This paper introduces the EyeFairness dataset that includes both 2D fundus photos and 3D optical coherence tomography (OCT) scans, together with six demographic features (age, gender, race, ethnicity, preferred language, marital status), and proposes a fair identity scaling (FIS) approach to combine group and individual scaling to improve model fairness. FIS was demonstrated to improve performance in eye disease screening according to fairness metrics, when implemented together with EfficientNet-B1, against other fairness methods. Fairness methods are especially appropriate in the eye screening domain due to known differing burdens of eye diseases amongst ethnicities.

优点

  • FIS exploits both group and individual scaling to manage within-group sample variation
  • Detailed comparison of proposed FIS against other fairness methods (Adv, FSCL) on various demographic features

缺点

  • Minimal ablation analysis temperature scaling parameter, FIS group/individual scaling trade-offs actually not very consistent (Figure 2)
  • Side-effects of fairness on adjacent demographic features not considered

问题

  1. The main contribution of a Fair Identity Scaling (FIS) model with learnable group weights and past individual loss data, might have been analyzed in greater details as to the temperature scaling parameter (alongside fusion weight).
  2. Conceptually, the distinction between improvements in “general (AUC) performance” and “fairness” might have been further considered. In particular, from the results in Tables 2 to 7, FIS appears often capable of not only improving “fairness” (i.e. minimizing performance-scaled disparity), but instead often improves performance in all groups (and overall). As such, a natural question might be whether FIS might be used with arbitrary groupings of data, to improve classifier performance.
  3. Returning to fairness as a focus, the presented analysis does not appear to be concerned with the impact on fairness amongst other demographic features, when FIS is applied to a particular feature. For example, when FIS is applied on race (as in Tables 2 & 3), what is the effect on results stratified with other features such as gender, ethnicity, age etc.? This appears particularly relevant since the other demographics may be no less significant for the consideration of fairness/equity purposes.
  4. The costs of considering fairness might be discussed in greater detail, in particular the possibility that optimizing the proposed PSD metric possibly reduces overall classification performance (and thus medical care). This is because PSD (and other fairness metrics) emphasize between-group equality, which may come at the cost of reduced aggregate performance (although this is largely not the case in this study).
评论

Question: Minimal ablation analysis temperature scaling parameter, FIS group/individual scaling trade-offs actually not very consistent (Figure 2) / The main contribution of a Fair Identity Scaling (FIS) model with learnable group weights and past individual loss data, might have been analyzed in greater details as to the temperature scaling parameter (alongside fusion weight).
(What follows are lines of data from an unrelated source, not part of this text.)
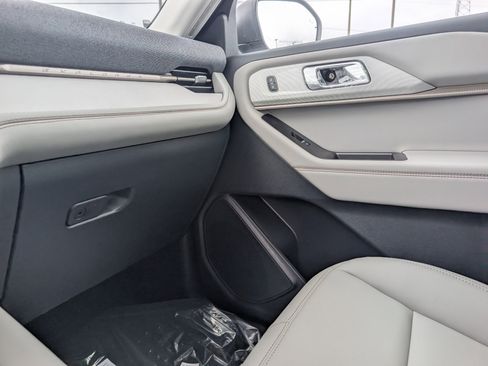 New 2026 Ford Explorer Active w/ Active Comfort Package image 31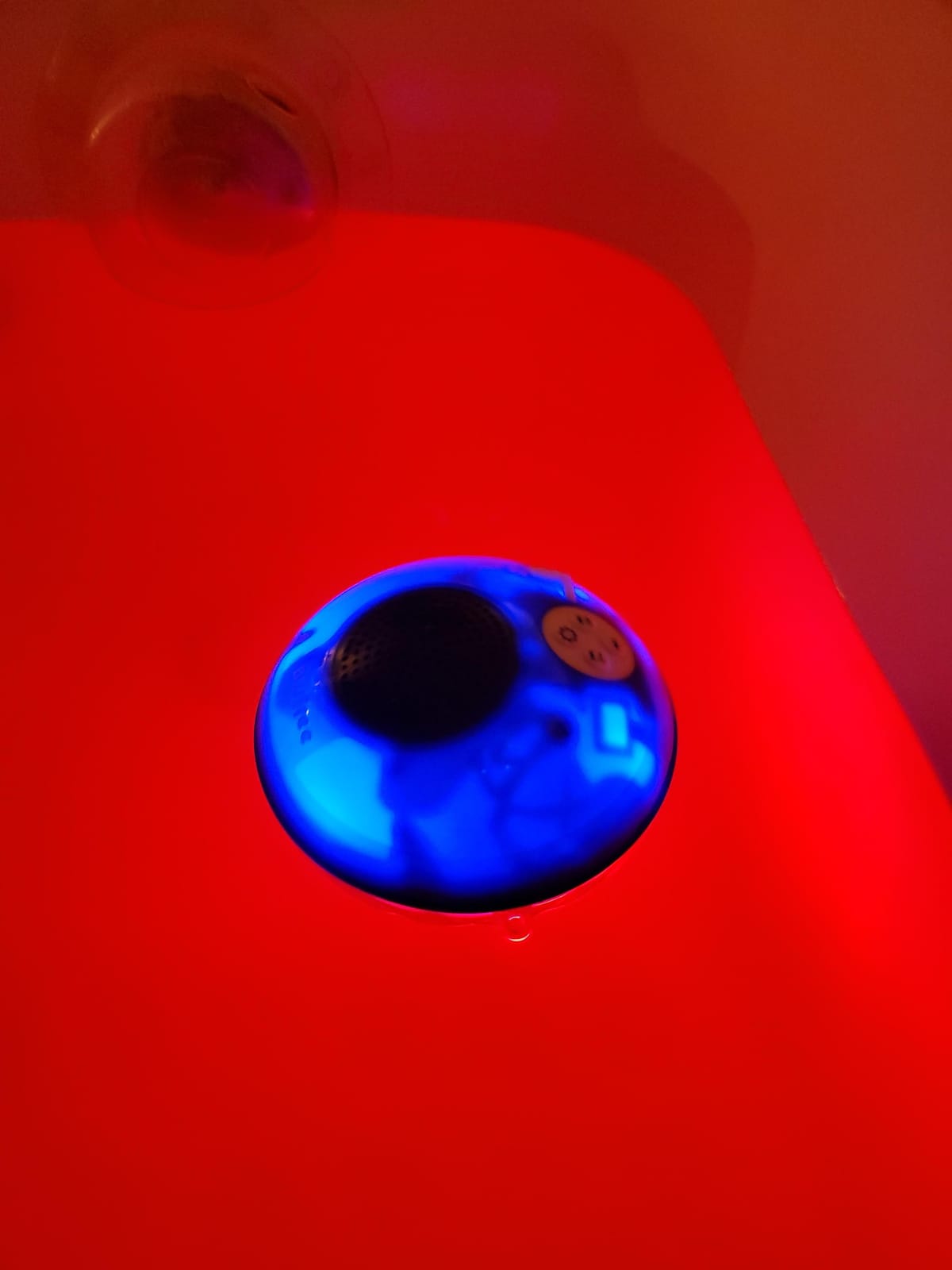 Floating Pool Speakers with Colorful Lights, Bluetooth Wireless Pool Speaker Floatable IP68 Waterproof, Built-in Mic & Crystal Clear Sound Bluetooth Hot Tub Speaker for Pool Party Outdoors customer photo 2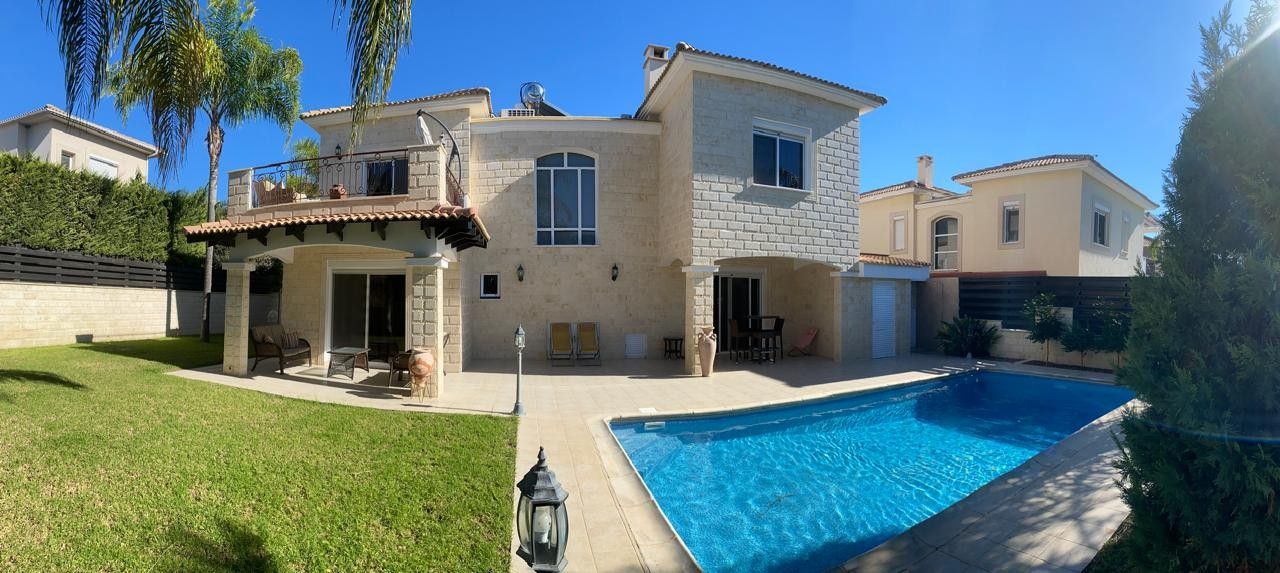 Villa a Limassol, Cipro, 215 m² - foto 1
Response: As suggested by the reviewer, we have included a table below showcasing the experimental results for AMD detection with different temperature values, specifically focusing on the attribute of race in fundus images, with the hyperparameter c set to 0.5. This analysis has been incorporated into the revised version of our paper.

τ\tauAUCMean PSD
0.277.250.0565
0.477.863.68
0.879.395.59
179.953.40
279.545.18
379.495.01
479.607.02
579.495.07

Question: Side-effects of fairness on adjacent demographic features not considered/Returning to fairness as a focus, the presented analysis does not appear to be concerned with the impact on fairness amongst other demographic features, when FIS is applied to a particular feature. For example, when FIS is applied on race (as in Tables 2 & 3), what is the effect on results stratified with other features such as gender, ethnicity, age etc.? This appears particularly relevant since the other demographics may be no less significant for the consideration of fairness/equity purposes.
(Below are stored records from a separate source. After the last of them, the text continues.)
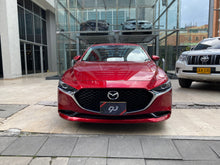Cargar imagen en el visor de la galería, Mazda 3 Touring Híbrido Modelo 2025
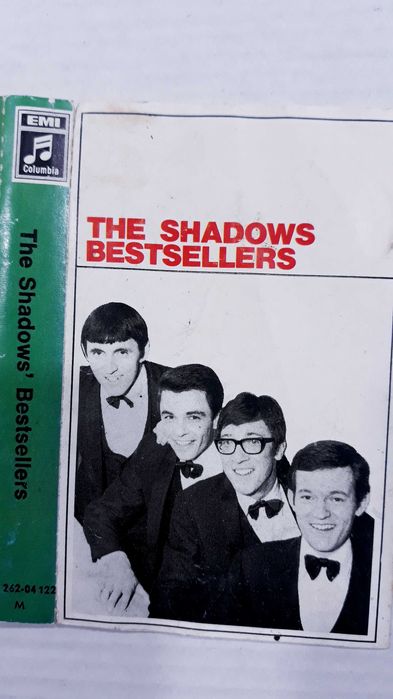 Cassete musica muito antiga.  The Shadows Bestsellers.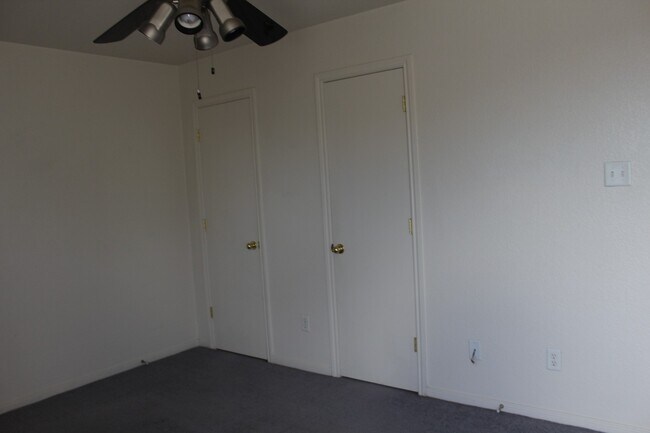 Building Photo - 406 Primrose Dr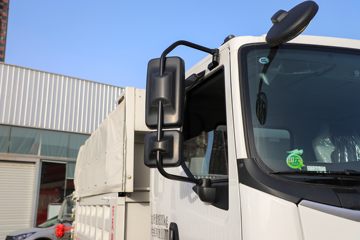 �������� ����L3 180���� 4X2 4.2����ж��ͼƬ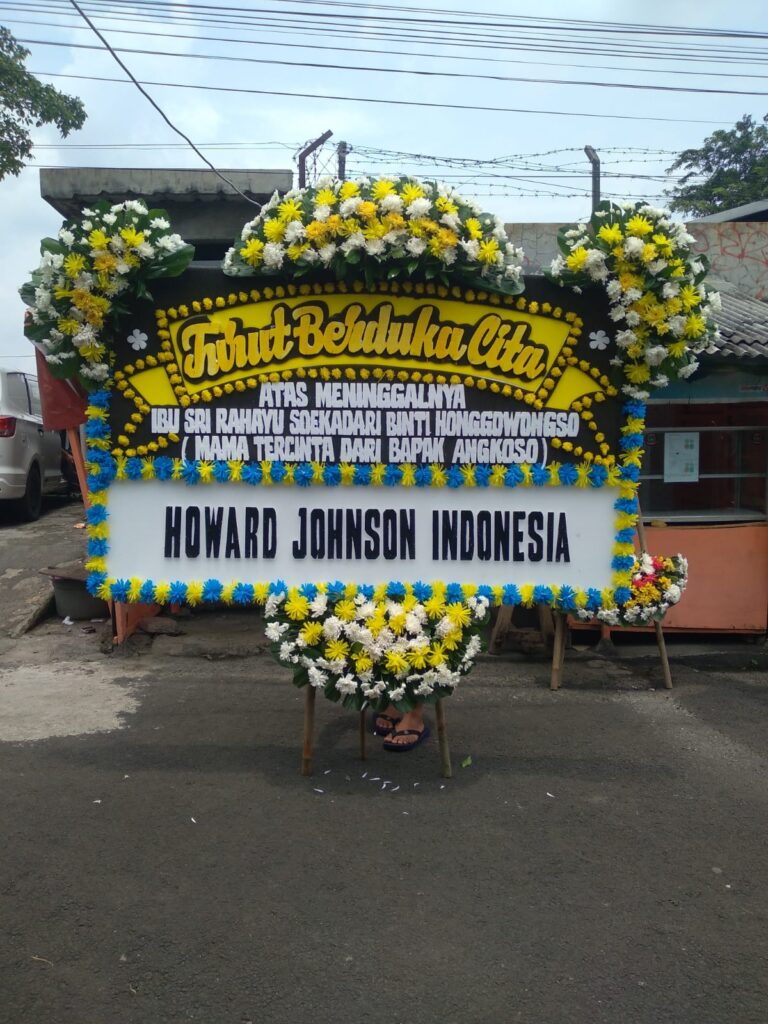 Toko Bunga di sekitar Rumah Duka Husada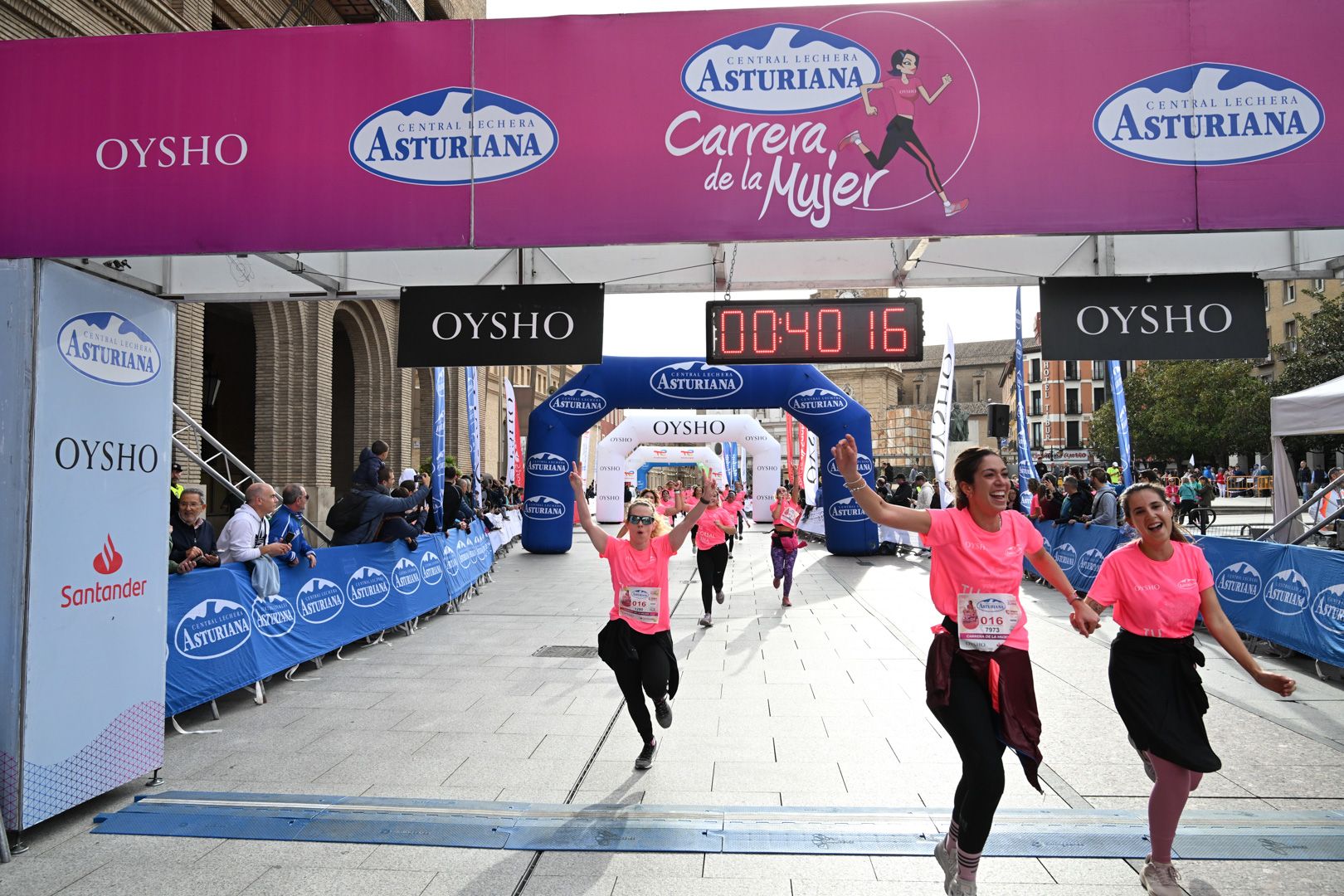 Todas las fotos de la Carrera de la Mujer de Zaragoza 2023. 5058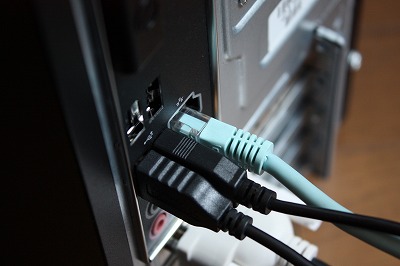 LAN�P�[�u���ڑ�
Response: We thank the reviewer for the insightful comment. Focusing on a single attribute can make the cause-and-effect relationship clear. However, as the reviewer highlighted, examining the impact of applying FIS to one attribute on the performance metrics of other attributes is also valuable. To this end, we have conducted an analysis where FIS is specifically applied to race in the context of AMD detection, and we report its effects on gender and ethnicity performance. For our FIS model specifically addressing the fairness for race, the model fairness quantified by PSD values for gender and ethnicity attributes is also improved. It's important to note that the individual scaling in Equation (1) is attribute-independent and is designed to adaptively influence the significance of each sample during back-propagation. This approach could be a contributing factor to the observed improvements in fairness.
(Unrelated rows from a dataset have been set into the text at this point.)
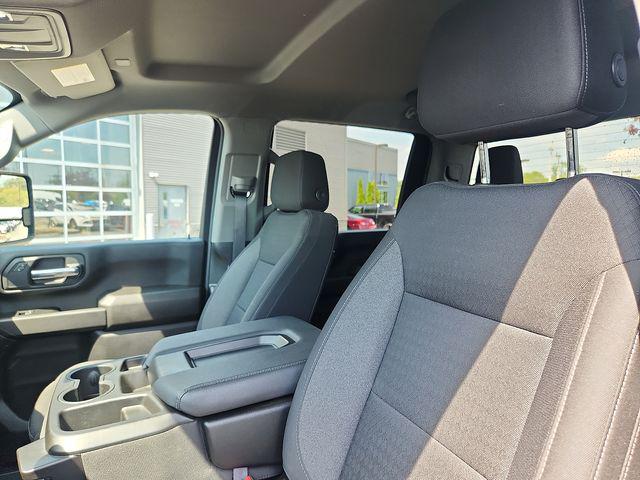 2025 Chevrolet Silverado 2500HD 4WD Crew Cab Standard Bed Custom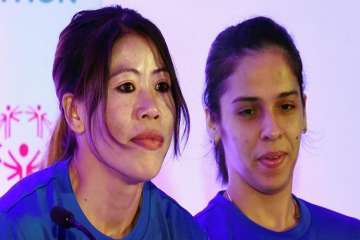 Boxer Mary Kom with Badminton star Saina Nehwal. (File Photo)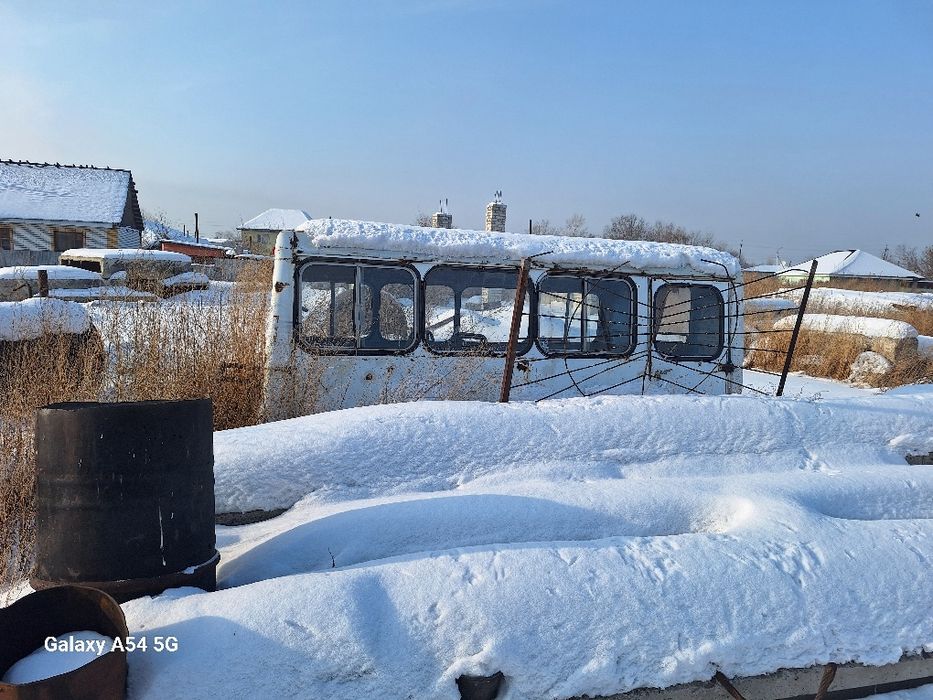 Продам будку вахтовку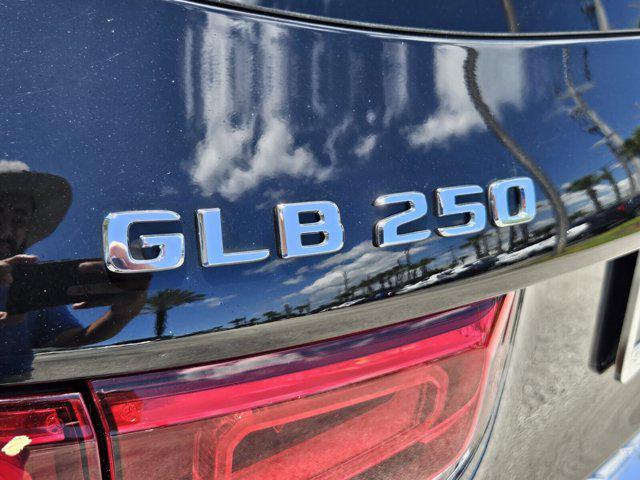 used 2022 Mercedes-Benz GLB 250 car, priced at $27,995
MethodAUC (Race)Mean PSD (Race)Mean PSD (Gender)Mean PSD (Ethnicity)
EffNet79.105.457.244.78
EffNet+FIS (Race)79.953.401.580.58

Question: Conceptually, the distinction between improvements in “general (AUC) performance” and “fairness” might have been further considered. In particular, from the results in Tables 2 to 7, FIS appears often capable of not only improving “fairness” (i.e. minimizing performance-scaled disparity), but instead often improves performance in all groups (and overall). As such, a natural question might be whether FIS might be used with arbitrary groupings of data, to improve classifier performance.

Response: The observed improvement in both fairness and performance can be attributed to the individual scaling mechanism in FIS, which considers the losses of samples within a mini-batch to determine their relative importance for back-propagation. This approach enables the training process to give priority to samples with larger losses, effectively balancing the learning focus across the dataset.

Following the suggestion, we present the experimental results for arbitrary groupings in AMD detection, as detailed in the table below. We observe that combining race, gender, and ethnicity enhances performance, although the resulting mean PSDs are not consistently optimal compared to other methods. This highlights the intricate and intriguing interplay between attributes. We plan to delve deeper into this aspect in our future research.

MethodAUC (Race)Mean PSD (Race)Mean PSD (Gender)Mean PSD (Ethnicity)
EffNet79.105.457.244.78
EffNet+FIS (Race)79.953.401.580.58
EffNet+FIS (Race+Gender)79.843.901.400.38
EffNet+FIS (Race+Gender+Ethnicity)80.283.951.300.32
评论

Question: The costs of considering fairness might be discussed in greater detail, in particular the possibility that optimizing the proposed PSD metric possibly reduces overall classification performance (and thus medical care). This is because PSD (and other fairness metrics) emphasize between-group equality, which may come at the cost of reduced aggregate performance (although this is largely not the case in this study).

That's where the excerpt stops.